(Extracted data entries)
★ ★ ★

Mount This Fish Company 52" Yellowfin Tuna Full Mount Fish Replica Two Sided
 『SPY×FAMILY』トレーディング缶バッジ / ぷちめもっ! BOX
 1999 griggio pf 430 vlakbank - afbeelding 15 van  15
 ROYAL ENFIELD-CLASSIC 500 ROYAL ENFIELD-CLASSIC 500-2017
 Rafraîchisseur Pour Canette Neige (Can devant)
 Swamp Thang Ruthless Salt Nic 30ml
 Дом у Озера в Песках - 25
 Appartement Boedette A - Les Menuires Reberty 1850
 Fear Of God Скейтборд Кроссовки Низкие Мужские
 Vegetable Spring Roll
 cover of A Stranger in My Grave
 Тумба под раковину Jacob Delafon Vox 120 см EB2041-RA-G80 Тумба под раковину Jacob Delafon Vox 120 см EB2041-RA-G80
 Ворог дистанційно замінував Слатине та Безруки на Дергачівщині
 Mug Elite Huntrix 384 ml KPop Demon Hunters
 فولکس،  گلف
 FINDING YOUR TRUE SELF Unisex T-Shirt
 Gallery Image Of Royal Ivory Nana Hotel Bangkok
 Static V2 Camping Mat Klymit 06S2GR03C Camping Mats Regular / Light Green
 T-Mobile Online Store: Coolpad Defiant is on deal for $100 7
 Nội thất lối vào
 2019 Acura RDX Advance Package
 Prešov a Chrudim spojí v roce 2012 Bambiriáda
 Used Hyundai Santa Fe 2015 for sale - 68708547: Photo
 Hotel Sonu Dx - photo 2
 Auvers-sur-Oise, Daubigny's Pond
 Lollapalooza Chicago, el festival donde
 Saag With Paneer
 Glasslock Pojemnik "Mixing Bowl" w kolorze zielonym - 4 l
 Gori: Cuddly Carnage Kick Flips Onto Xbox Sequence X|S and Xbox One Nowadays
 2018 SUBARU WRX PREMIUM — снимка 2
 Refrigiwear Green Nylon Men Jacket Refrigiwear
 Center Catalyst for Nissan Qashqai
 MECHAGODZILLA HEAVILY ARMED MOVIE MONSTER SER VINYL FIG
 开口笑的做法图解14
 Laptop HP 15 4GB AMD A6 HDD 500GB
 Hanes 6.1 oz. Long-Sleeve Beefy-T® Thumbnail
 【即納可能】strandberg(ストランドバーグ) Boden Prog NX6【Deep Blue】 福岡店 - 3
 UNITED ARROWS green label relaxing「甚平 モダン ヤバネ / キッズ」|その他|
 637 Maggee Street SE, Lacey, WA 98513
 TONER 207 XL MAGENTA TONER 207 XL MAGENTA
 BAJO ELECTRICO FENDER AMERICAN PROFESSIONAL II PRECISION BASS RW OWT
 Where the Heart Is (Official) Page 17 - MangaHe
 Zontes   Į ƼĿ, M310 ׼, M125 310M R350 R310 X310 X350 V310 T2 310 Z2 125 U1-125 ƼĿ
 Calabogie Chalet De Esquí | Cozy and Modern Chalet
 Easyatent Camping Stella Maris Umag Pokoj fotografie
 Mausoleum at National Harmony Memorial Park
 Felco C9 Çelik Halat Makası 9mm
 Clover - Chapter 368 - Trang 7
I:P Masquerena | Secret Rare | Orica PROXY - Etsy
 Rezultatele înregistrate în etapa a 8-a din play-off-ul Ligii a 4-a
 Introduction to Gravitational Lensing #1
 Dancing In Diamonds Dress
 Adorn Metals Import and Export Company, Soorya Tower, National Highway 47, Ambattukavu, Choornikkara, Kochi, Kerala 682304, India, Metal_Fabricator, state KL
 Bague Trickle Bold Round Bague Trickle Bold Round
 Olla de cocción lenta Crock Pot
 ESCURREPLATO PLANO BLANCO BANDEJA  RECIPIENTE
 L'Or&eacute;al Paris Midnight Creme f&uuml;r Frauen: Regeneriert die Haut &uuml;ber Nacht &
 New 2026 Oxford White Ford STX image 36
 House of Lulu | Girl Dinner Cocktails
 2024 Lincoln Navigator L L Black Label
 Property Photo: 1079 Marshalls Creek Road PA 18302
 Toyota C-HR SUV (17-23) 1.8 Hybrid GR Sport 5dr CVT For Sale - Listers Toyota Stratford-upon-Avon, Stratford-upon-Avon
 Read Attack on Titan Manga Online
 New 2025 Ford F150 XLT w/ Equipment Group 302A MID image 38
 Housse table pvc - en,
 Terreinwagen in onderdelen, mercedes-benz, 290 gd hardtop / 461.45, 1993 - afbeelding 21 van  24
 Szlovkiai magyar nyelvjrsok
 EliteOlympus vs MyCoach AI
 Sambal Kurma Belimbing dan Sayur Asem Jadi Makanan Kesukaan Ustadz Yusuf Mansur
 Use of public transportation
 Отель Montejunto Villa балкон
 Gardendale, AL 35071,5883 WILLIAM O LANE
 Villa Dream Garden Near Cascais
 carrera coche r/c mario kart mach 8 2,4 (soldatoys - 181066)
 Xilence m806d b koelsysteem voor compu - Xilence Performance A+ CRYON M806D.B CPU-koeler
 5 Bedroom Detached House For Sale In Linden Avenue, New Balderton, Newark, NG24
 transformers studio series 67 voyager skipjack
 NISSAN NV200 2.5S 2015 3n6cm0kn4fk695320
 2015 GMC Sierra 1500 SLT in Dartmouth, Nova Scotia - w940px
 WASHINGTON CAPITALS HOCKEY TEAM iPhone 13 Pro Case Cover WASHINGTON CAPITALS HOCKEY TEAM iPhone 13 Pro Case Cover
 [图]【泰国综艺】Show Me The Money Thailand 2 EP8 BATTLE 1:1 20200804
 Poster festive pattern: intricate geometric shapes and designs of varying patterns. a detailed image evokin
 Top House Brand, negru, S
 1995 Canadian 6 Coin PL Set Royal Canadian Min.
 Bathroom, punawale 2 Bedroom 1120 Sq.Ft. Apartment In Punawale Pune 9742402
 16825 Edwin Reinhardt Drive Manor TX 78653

★ ★ ★

Report all lines in the records that include the string "Bedroom".

 5 Bedroom Detached House For Sale In Linden Avenue, New Balderton, Newark, NG24
 Bathroom, punawale 2 Bedroom 1120 Sq.Ft. Apartment In Punawale Pune 9742402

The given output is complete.